## ENTRIES PROVIDED
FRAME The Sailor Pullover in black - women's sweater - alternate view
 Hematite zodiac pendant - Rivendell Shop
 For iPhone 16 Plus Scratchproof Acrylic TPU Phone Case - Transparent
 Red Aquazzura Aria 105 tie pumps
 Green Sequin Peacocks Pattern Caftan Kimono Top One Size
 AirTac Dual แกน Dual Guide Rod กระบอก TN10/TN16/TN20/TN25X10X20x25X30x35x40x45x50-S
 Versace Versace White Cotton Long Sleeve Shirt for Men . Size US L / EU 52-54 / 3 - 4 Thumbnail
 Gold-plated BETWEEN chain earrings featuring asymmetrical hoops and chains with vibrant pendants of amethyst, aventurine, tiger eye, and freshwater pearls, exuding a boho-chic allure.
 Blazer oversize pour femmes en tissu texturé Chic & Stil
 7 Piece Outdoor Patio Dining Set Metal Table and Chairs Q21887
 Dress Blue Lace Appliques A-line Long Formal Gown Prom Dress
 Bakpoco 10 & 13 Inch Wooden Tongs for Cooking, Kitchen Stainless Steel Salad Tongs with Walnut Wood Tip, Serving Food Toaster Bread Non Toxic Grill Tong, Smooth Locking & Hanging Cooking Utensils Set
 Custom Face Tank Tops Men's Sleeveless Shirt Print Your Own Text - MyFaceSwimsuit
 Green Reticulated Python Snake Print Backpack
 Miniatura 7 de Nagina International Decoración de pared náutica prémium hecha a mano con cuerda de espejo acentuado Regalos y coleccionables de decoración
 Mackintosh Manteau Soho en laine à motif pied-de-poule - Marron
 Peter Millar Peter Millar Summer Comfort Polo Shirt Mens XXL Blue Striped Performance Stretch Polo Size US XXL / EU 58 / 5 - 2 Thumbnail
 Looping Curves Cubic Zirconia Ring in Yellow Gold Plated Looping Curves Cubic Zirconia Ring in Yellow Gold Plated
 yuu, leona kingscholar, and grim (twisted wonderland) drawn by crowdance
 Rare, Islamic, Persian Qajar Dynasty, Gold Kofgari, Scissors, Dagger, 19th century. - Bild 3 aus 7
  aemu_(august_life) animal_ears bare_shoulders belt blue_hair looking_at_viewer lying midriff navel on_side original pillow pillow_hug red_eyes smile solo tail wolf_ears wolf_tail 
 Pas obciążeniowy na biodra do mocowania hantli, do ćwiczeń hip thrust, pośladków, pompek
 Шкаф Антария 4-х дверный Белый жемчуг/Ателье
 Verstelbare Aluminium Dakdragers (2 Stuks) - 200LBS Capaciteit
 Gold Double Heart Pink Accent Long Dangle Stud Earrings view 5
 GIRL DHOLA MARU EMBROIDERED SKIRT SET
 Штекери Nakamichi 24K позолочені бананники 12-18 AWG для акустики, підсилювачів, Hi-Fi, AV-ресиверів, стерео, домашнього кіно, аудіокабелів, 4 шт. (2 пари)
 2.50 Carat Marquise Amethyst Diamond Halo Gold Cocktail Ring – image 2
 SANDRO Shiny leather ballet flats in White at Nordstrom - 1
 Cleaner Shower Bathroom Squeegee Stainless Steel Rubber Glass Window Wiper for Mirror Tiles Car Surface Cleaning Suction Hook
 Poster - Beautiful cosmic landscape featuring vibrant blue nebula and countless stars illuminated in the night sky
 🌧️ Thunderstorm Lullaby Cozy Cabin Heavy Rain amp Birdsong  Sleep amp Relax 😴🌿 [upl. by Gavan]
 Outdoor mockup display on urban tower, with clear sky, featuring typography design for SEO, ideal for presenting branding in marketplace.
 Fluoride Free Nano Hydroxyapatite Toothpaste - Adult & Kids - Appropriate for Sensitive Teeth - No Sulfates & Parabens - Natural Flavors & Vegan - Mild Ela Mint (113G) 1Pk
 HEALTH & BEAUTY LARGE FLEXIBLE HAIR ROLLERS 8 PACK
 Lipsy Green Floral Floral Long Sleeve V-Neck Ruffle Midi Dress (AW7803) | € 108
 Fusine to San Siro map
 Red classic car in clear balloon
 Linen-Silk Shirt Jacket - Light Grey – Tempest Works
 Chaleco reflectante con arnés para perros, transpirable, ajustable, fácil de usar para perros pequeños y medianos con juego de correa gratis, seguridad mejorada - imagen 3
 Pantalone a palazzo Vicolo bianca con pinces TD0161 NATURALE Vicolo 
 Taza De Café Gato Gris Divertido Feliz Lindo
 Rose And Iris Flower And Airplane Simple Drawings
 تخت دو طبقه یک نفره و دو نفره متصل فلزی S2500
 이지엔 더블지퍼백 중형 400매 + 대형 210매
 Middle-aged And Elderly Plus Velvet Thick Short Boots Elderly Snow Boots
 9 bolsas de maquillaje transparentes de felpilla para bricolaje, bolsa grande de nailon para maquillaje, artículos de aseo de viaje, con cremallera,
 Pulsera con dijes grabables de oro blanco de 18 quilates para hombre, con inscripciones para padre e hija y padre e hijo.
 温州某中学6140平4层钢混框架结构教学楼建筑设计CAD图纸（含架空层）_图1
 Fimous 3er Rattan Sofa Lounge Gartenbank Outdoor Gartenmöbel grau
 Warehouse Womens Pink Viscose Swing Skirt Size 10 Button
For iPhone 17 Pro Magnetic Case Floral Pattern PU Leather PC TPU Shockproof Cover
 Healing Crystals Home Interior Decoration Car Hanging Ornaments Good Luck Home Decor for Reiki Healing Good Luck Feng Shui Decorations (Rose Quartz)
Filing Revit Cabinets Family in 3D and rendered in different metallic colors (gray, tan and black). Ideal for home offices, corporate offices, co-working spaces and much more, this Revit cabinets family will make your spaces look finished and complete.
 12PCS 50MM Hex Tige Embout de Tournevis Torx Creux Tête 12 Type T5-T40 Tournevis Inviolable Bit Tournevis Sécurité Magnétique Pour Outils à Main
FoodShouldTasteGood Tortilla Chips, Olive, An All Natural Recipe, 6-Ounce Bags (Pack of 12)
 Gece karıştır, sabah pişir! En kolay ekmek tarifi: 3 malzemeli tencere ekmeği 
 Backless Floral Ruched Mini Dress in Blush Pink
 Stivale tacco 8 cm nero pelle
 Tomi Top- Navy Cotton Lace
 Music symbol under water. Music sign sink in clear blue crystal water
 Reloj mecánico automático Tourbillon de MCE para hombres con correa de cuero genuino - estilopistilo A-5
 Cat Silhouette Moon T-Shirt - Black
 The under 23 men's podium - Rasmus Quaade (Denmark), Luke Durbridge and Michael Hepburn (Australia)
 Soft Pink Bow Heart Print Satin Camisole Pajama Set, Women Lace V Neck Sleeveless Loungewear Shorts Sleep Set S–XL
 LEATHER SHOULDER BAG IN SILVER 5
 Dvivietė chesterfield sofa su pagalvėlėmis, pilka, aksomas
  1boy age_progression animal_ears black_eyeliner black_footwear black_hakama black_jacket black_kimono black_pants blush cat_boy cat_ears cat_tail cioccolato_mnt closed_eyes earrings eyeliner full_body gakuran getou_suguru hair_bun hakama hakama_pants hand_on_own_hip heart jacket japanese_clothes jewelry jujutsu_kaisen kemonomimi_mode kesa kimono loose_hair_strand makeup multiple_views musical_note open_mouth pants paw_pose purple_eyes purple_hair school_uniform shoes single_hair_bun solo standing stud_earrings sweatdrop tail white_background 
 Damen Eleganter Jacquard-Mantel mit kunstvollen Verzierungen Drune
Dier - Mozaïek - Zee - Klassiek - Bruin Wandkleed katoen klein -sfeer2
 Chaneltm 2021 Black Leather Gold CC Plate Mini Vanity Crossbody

## EXERCISE PROMPT
Repeat every record exactly as written, please.

## RESPONSE FOR THIS EXERCISE
FRAME The Sailor Pullover in black - women's sweater - alternate view
 Hematite zodiac pendant - Rivendell Shop
 For iPhone 16 Plus Scratchproof Acrylic TPU Phone Case - Transparent
 Red Aquazzura Aria 105 tie pumps
 Green Sequin Peacocks Pattern Caftan Kimono Top One Size
 AirTac Dual แกน Dual Guide Rod กระบอก TN10/TN16/TN20/TN25X10X20x25X30x35x40x45x50-S
 Versace Versace White Cotton Long Sleeve Shirt for Men . Size US L / EU 52-54 / 3 - 4 Thumbnail
 Gold-plated BETWEEN chain earrings featuring asymmetrical hoops and chains with vibrant pendants of amethyst, aventurine, tiger eye, and freshwater pearls, exuding a boho-chic allure.
 Blazer oversize pour femmes en tissu texturé Chic & Stil
 7 Piece Outdoor Patio Dining Set Metal Table and Chairs Q21887
 Dress Blue Lace Appliques A-line Long Formal Gown Prom Dress
 Bakpoco 10 & 13 Inch Wooden Tongs for Cooking, Kitchen Stainless Steel Salad Tongs with Walnut Wood Tip, Serving Food Toaster Bread Non Toxic Grill Tong, Smooth Locking & Hanging Cooking Utensils Set
 Custom Face Tank Tops Men's Sleeveless Shirt Print Your Own Text - MyFaceSwimsuit
 Green Reticulated Python Snake Print Backpack
 Miniatura 7 de Nagina International Decoración de pared náutica prémium hecha a mano con cuerda de espejo acentuado Regalos y coleccionables de decoración
 Mackintosh Manteau Soho en laine à motif pied-de-poule - Marron
 Peter Millar Peter Millar Summer Comfort Polo Shirt Mens XXL Blue Striped Performance Stretch Polo Size US XXL / EU 58 / 5 - 2 Thumbnail
 Looping Curves Cubic Zirconia Ring in Yellow Gold Plated Looping Curves Cubic Zirconia Ring in Yellow Gold Plated
 yuu, leona kingscholar, and grim (twisted wonderland) drawn by crowdance
 Rare, Islamic, Persian Qajar Dynasty, Gold Kofgari, Scissors, Dagger, 19th century. - Bild 3 aus 7
  aemu_(august_life) animal_ears bare_shoulders belt blue_hair looking_at_viewer lying midriff navel on_side original pillow pillow_hug red_eyes smile solo tail wolf_ears wolf_tail 
 Pas obciążeniowy na biodra do mocowania hantli, do ćwiczeń hip thrust, pośladków, pompek
 Шкаф Антария 4-х дверный Белый жемчуг/Ателье
 Verstelbare Aluminium Dakdragers (2 Stuks) - 200LBS Capaciteit
 Gold Double Heart Pink Accent Long Dangle Stud Earrings view 5
 GIRL DHOLA MARU EMBROIDERED SKIRT SET
 Штекери Nakamichi 24K позолочені бананники 12-18 AWG для акустики, підсилювачів, Hi-Fi, AV-ресиверів, стерео, домашнього кіно, аудіокабелів, 4 шт. (2 пари)
 2.50 Carat Marquise Amethyst Diamond Halo Gold Cocktail Ring – image 2
 SANDRO Shiny leather ballet flats in White at Nordstrom - 1
 Cleaner Shower Bathroom Squeegee Stainless Steel Rubber Glass Window Wiper for Mirror Tiles Car Surface Cleaning Suction Hook
 Poster - Beautiful cosmic landscape featuring vibrant blue nebula and countless stars illuminated in the night sky
 🌧️ Thunderstorm Lullaby Cozy Cabin Heavy Rain amp Birdsong  Sleep amp Relax 😴🌿 [upl. by Gavan]
 Outdoor mockup display on urban tower, with clear sky, featuring typography design for SEO, ideal for presenting branding in marketplace.
 Fluoride Free Nano Hydroxyapatite Toothpaste - Adult & Kids - Appropriate for Sensitive Teeth - No Sulfates & Parabens - Natural Flavors & Vegan - Mild Ela Mint (113G) 1Pk
 HEALTH & BEAUTY LARGE FLEXIBLE HAIR ROLLERS 8 PACK
 Lipsy Green Floral Floral Long Sleeve V-Neck Ruffle Midi Dress (AW7803) | € 108
 Fusine to San Siro map
 Red classic car in clear balloon
 Linen-Silk Shirt Jacket - Light Grey – Tempest Works
 Chaleco reflectante con arnés para perros, transpirable, ajustable, fácil de usar para perros pequeños y medianos con juego de correa gratis, seguridad mejorada - imagen 3
 Pantalone a palazzo Vicolo bianca con pinces TD0161 NATURALE Vicolo 
 Taza De Café Gato Gris Divertido Feliz Lindo
 Rose And Iris Flower And Airplane Simple Drawings
 تخت دو طبقه یک نفره و دو نفره متصل فلزی S2500
 이지엔 더블지퍼백 중형 400매 + 대형 210매
 Middle-aged And Elderly Plus Velvet Thick Short Boots Elderly Snow Boots
 9 bolsas de maquillaje transparentes de felpilla para bricolaje, bolsa grande de nailon para maquillaje, artículos de aseo de viaje, con cremallera,
 Pulsera con dijes grabables de oro blanco de 18 quilates para hombre, con inscripciones para padre e hija y padre e hijo.
 温州某中学6140平4层钢混框架结构教学楼建筑设计CAD图纸（含架空层）_图1
 Fimous 3er Rattan Sofa Lounge Gartenbank Outdoor Gartenmöbel grau
 Warehouse Womens Pink Viscose Swing Skirt Size 10 Button
For iPhone 17 Pro Magnetic Case Floral Pattern PU Leather PC TPU Shockproof Cover
 Healing Crystals Home Interior Decoration Car Hanging Ornaments Good Luck Home Decor for Reiki Healing Good Luck Feng Shui Decorations (Rose Quartz)
Filing Revit Cabinets Family in 3D and rendered in different metallic colors (gray, tan and black). Ideal for home offices, corporate offices, co-working spaces and much more, this Revit cabinets family will make your spaces look finished and complete.
 12PCS 50MM Hex Tige Embout de Tournevis Torx Creux Tête 12 Type T5-T40 Tournevis Inviolable Bit Tournevis Sécurité Magnétique Pour Outils à Main
FoodShouldTasteGood Tortilla Chips, Olive, An All Natural Recipe, 6-Ounce Bags (Pack of 12)
 Gece karıştır, sabah pişir! En kolay ekmek tarifi: 3 malzemeli tencere ekmeği 
 Backless Floral Ruched Mini Dress in Blush Pink
 Stivale tacco 8 cm nero pelle
 Tomi Top- Navy Cotton Lace
 Music symbol under water. Music sign sink in clear blue crystal water
 Reloj mecánico automático Tourbillon de MCE para hombres con correa de cuero genuino - estilopistilo A-5
 Cat Silhouette Moon T-Shirt - Black
 The under 23 men's podium - Rasmus Quaade (Denmark), Luke Durbridge and Michael Hepburn (Australia)
 Soft Pink Bow Heart Print Satin Camisole Pajama Set, Women Lace V Neck Sleeveless Loungewear Shorts Sleep Set S–XL
 LEATHER SHOULDER BAG IN SILVER 5
 Dvivietė chesterfield sofa su pagalvėlėmis, pilka, aksomas
  1boy age_progression animal_ears black_eyeliner black_footwear black_hakama black_jacket black_kimono black_pants blush cat_boy cat_ears cat_tail cioccolato_mnt closed_eyes earrings eyeliner full_body gakuran getou_suguru hair_bun hakama hakama_pants hand_on_own_hip heart jacket japanese_clothes jewelry jujutsu_kaisen kemonomimi_mode kesa kimono loose_hair_strand makeup multiple_views musical_note open_mouth pants paw_pose purple_eyes purple_hair school_uniform shoes single_hair_bun solo standing stud_earrings sweatdrop tail white_background 
 Damen Eleganter Jacquard-Mantel mit kunstvollen Verzierungen Drune
Dier - Mozaïek - Zee - Klassiek - Bruin Wandkleed katoen klein -sfeer2
 Chaneltm 2021 Black Leather Gold CC Plate Mini Vanity Crossbody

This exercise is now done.